··· Dataset records ···

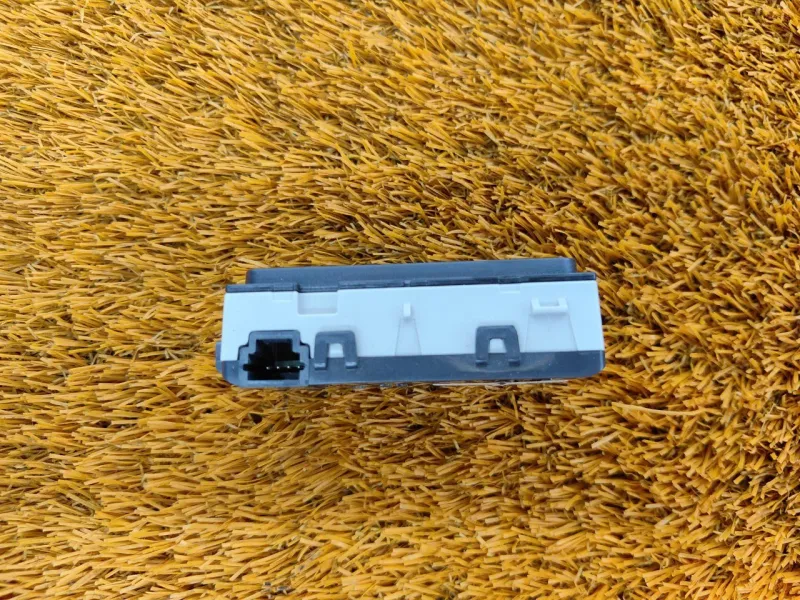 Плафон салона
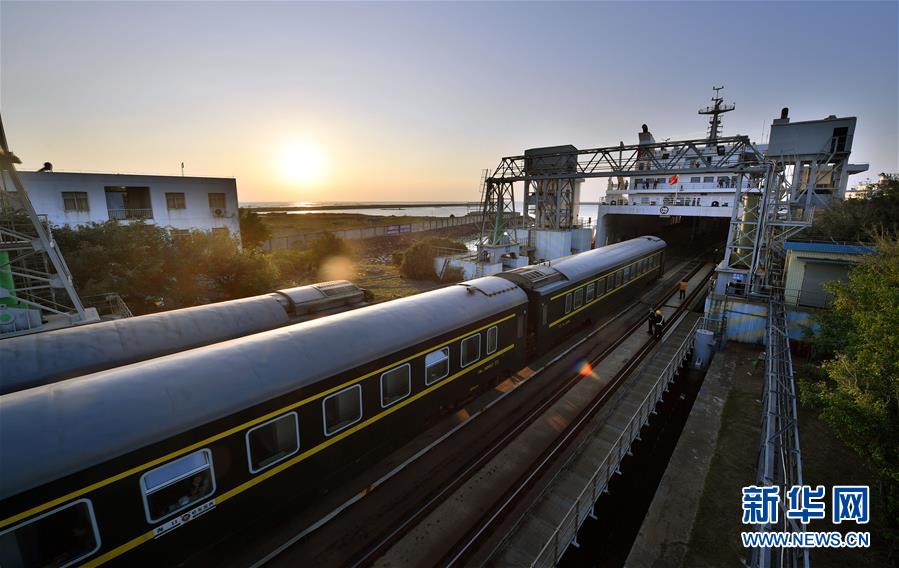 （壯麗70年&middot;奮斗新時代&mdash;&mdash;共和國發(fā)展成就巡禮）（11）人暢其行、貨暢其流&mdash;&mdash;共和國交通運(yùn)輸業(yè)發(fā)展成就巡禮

···
··· Dataset records ···

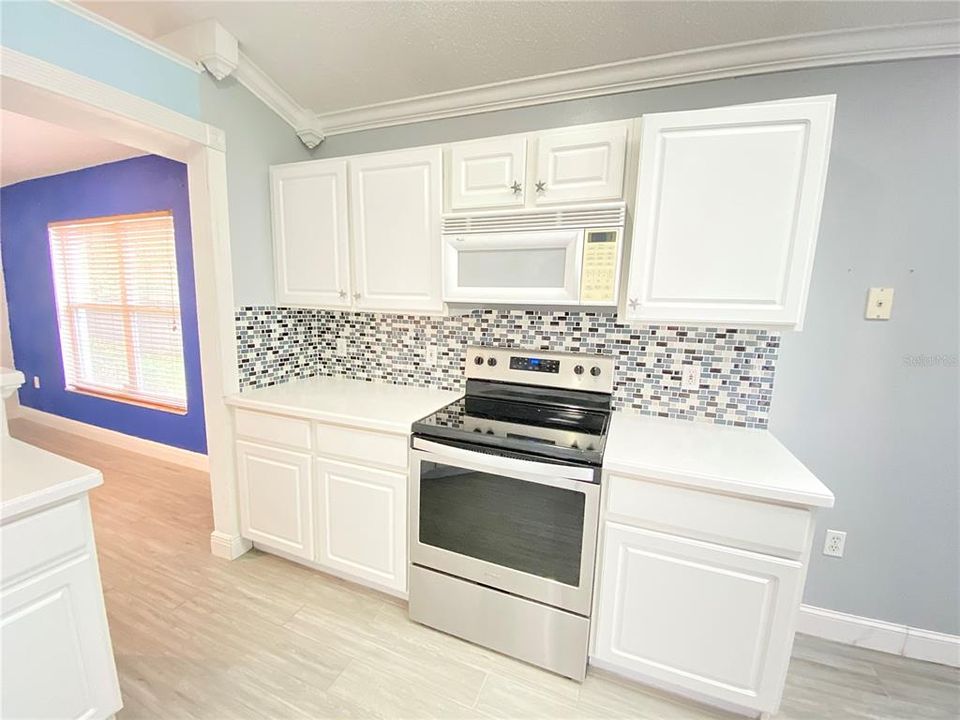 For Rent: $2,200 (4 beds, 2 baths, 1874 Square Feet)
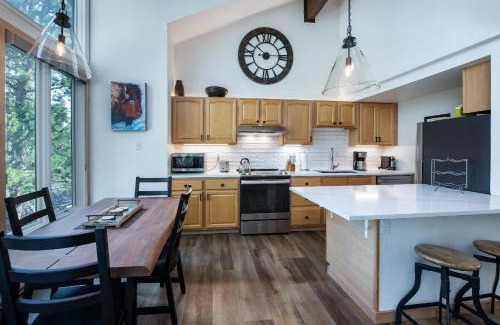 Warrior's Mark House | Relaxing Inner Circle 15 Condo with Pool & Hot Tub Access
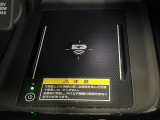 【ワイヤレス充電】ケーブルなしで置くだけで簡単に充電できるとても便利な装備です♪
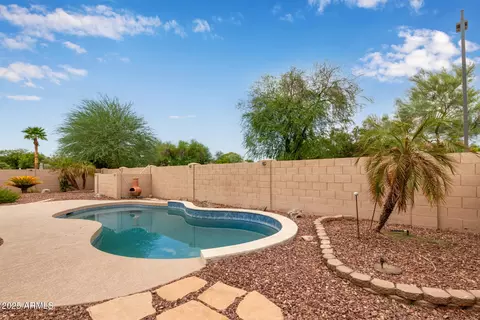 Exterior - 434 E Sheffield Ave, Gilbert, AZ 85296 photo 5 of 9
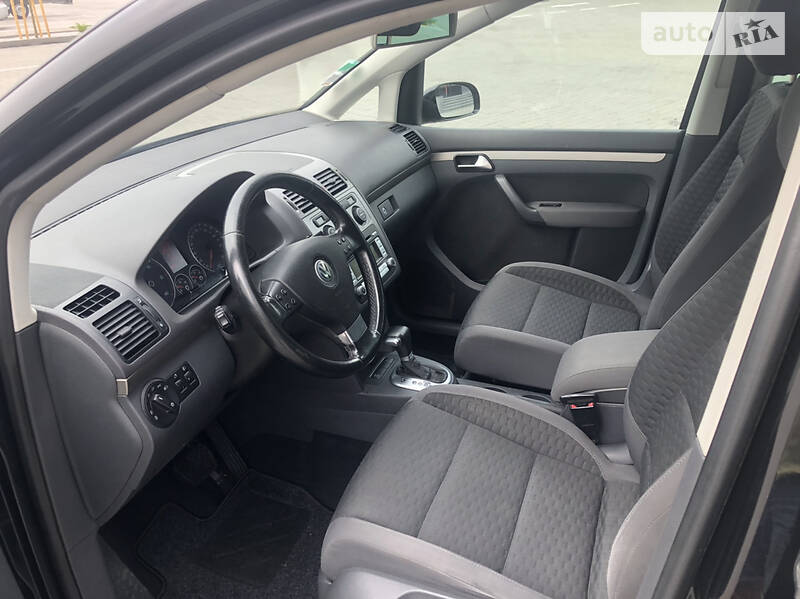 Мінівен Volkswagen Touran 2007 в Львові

···
··· Dataset records ···

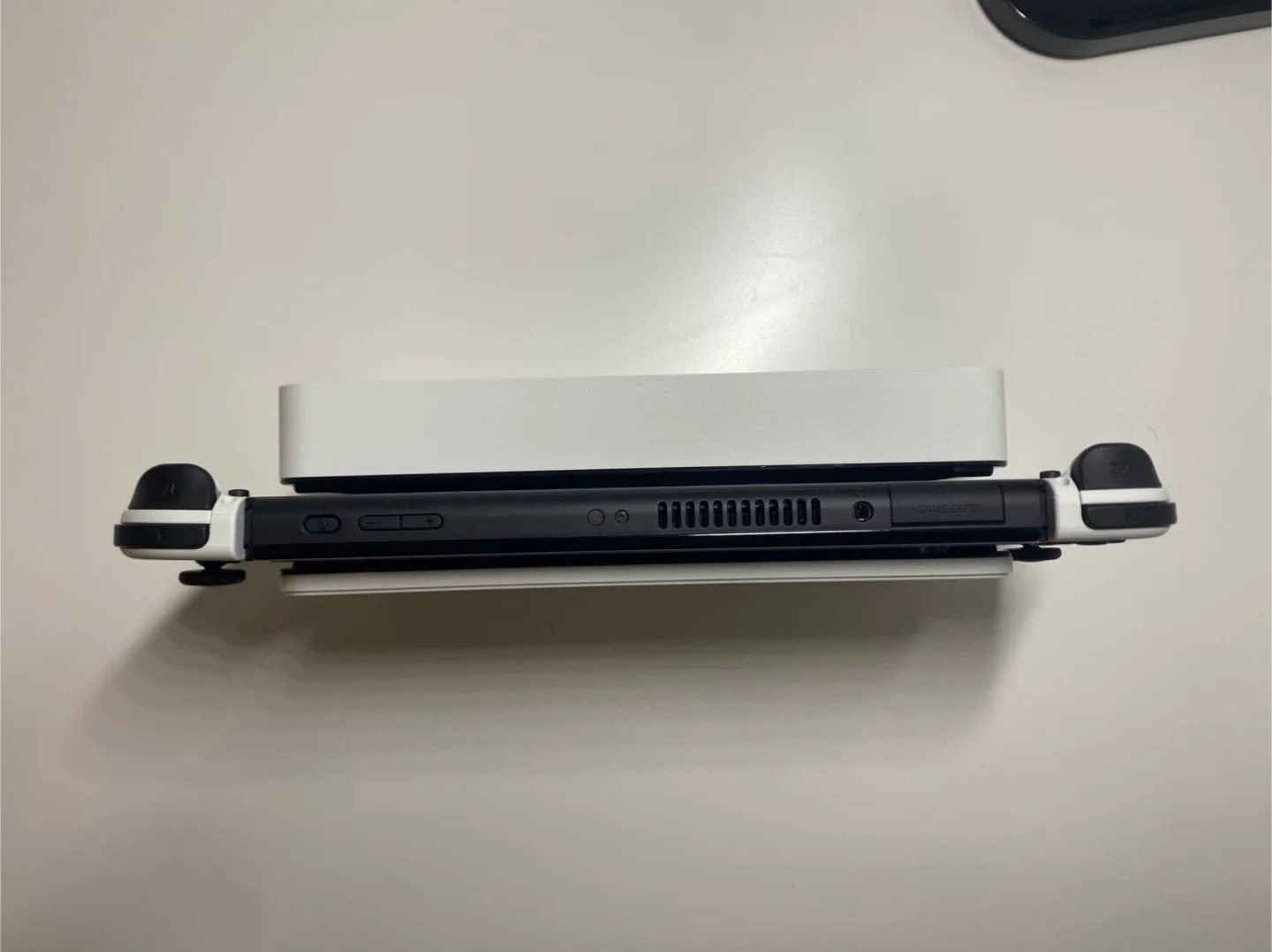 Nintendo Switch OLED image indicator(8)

···

**Directions for this task:**
Within the listing above, the stretch from the line with "Exterior - 434" down to the line with "Мінівен Volkswagen Touran 2007 в Львові" is to be given again exactly, end lines included and pictures excluded.

**Written answer:**
 Exterior - 434 E Sheffield Ave, Gilbert, AZ 85296 photo 5 of 9
 Мінівен Volkswagen Touran 2007 в Львові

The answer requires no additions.